:: Exercise objective ::
Please output the section of the listing below that opens with the line containing "Bracelet Apple Watch de luxe chic doré" and closes with the line containing "Neon question marks", exactly and with nothing else.

####################

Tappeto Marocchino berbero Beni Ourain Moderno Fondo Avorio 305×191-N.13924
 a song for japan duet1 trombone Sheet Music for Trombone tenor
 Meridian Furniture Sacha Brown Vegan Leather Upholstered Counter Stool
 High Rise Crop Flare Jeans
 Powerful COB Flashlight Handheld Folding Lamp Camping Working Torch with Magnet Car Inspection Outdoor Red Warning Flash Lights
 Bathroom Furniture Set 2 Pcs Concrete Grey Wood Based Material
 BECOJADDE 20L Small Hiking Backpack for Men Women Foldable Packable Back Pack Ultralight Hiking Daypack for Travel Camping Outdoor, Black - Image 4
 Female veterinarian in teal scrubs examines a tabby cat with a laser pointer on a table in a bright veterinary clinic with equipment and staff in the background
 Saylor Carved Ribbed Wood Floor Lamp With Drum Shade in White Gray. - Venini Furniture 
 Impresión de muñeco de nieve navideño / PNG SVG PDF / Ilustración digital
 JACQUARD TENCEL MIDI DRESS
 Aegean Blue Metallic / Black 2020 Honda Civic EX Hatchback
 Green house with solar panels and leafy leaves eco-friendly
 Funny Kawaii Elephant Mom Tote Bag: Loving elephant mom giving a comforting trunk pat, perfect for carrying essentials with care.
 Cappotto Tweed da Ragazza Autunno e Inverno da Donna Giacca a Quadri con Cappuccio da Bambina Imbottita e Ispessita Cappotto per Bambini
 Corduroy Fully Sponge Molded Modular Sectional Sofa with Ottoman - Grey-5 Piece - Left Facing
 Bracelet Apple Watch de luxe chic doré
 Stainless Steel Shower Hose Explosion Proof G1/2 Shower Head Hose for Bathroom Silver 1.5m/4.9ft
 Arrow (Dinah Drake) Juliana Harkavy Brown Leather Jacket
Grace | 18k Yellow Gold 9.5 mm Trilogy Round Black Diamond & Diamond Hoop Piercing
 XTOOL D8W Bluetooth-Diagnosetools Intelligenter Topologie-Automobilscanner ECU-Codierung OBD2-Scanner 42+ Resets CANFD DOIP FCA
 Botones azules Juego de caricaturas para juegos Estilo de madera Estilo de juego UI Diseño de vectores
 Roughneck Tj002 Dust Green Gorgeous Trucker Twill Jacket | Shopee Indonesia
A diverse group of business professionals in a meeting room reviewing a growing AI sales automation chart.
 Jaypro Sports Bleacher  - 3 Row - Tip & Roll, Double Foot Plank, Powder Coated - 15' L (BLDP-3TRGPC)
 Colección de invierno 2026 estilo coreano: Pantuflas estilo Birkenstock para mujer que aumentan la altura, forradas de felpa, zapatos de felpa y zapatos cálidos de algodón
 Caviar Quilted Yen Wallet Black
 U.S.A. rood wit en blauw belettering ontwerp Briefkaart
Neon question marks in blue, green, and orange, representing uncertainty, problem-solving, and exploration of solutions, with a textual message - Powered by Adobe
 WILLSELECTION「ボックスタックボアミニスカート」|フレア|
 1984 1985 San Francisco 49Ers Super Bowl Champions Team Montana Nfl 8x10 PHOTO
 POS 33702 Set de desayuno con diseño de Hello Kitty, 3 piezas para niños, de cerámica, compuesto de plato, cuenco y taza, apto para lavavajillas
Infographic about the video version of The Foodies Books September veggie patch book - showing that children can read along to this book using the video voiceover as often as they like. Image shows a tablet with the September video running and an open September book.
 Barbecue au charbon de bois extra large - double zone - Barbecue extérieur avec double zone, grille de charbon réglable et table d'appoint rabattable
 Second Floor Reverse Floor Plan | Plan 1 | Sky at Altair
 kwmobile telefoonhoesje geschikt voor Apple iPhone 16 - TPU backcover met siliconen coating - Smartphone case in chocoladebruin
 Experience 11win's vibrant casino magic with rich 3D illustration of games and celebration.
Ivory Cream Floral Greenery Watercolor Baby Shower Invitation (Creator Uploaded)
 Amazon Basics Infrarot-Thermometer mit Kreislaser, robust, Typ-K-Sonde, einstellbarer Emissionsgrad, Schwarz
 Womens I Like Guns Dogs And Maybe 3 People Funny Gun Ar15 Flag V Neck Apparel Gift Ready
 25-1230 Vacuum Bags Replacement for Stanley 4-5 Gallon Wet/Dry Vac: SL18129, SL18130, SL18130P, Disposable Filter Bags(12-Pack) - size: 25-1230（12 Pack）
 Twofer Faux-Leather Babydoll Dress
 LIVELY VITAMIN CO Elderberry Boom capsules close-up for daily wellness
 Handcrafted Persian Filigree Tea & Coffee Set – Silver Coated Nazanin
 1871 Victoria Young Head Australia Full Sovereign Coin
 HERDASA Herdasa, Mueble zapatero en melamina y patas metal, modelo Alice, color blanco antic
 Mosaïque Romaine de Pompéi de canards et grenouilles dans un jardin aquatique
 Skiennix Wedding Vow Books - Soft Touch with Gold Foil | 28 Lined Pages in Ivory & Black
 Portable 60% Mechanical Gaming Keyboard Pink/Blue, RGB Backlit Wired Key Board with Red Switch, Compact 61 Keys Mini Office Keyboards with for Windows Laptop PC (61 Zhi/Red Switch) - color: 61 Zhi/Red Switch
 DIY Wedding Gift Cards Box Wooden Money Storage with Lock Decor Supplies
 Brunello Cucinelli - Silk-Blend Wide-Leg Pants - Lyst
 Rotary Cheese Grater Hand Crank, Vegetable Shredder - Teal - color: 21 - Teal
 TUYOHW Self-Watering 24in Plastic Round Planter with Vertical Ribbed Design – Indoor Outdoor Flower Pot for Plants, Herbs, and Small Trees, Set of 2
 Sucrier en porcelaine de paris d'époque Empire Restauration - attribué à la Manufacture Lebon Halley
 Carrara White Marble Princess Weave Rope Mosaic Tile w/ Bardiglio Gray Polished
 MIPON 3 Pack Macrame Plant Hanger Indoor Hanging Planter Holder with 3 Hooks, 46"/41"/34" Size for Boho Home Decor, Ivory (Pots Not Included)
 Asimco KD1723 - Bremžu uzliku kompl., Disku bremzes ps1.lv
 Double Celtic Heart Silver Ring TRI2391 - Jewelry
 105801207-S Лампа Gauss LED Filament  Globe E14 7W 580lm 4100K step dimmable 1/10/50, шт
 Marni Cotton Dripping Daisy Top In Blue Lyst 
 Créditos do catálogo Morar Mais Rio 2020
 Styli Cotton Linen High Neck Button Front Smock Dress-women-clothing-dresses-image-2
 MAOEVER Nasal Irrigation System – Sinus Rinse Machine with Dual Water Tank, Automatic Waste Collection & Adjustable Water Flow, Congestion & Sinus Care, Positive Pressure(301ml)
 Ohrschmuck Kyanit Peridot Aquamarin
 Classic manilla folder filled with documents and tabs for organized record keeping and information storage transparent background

####################

:: Expected output ::
 Bracelet Apple Watch de luxe chic doré
 Stainless Steel Shower Hose Explosion Proof G1/2 Shower Head Hose for Bathroom Silver 1.5m/4.9ft
 Arrow (Dinah Drake) Juliana Harkavy Brown Leather Jacket
Grace | 18k Yellow Gold 9.5 mm Trilogy Round Black Diamond & Diamond Hoop Piercing
 XTOOL D8W Bluetooth-Diagnosetools Intelligenter Topologie-Automobilscanner ECU-Codierung OBD2-Scanner 42+ Resets CANFD DOIP FCA
 Botones azules Juego de caricaturas para juegos Estilo de madera Estilo de juego UI Diseño de vectores
 Roughneck Tj002 Dust Green Gorgeous Trucker Twill Jacket | Shopee Indonesia
A diverse group of business professionals in a meeting room reviewing a growing AI sales automation chart.
 Jaypro Sports Bleacher  - 3 Row - Tip & Roll, Double Foot Plank, Powder Coated - 15' L (BLDP-3TRGPC)
 Colección de invierno 2026 estilo coreano: Pantuflas estilo Birkenstock para mujer que aumentan la altura, forradas de felpa, zapatos de felpa y zapatos cálidos de algodón
 Caviar Quilted Yen Wallet Black
 U.S.A. rood wit en blauw belettering ontwerp Briefkaart
Neon question marks in blue, green, and orange, representing uncertainty, problem-solving, and exploration of solutions, with a textual message - Powered by Adobe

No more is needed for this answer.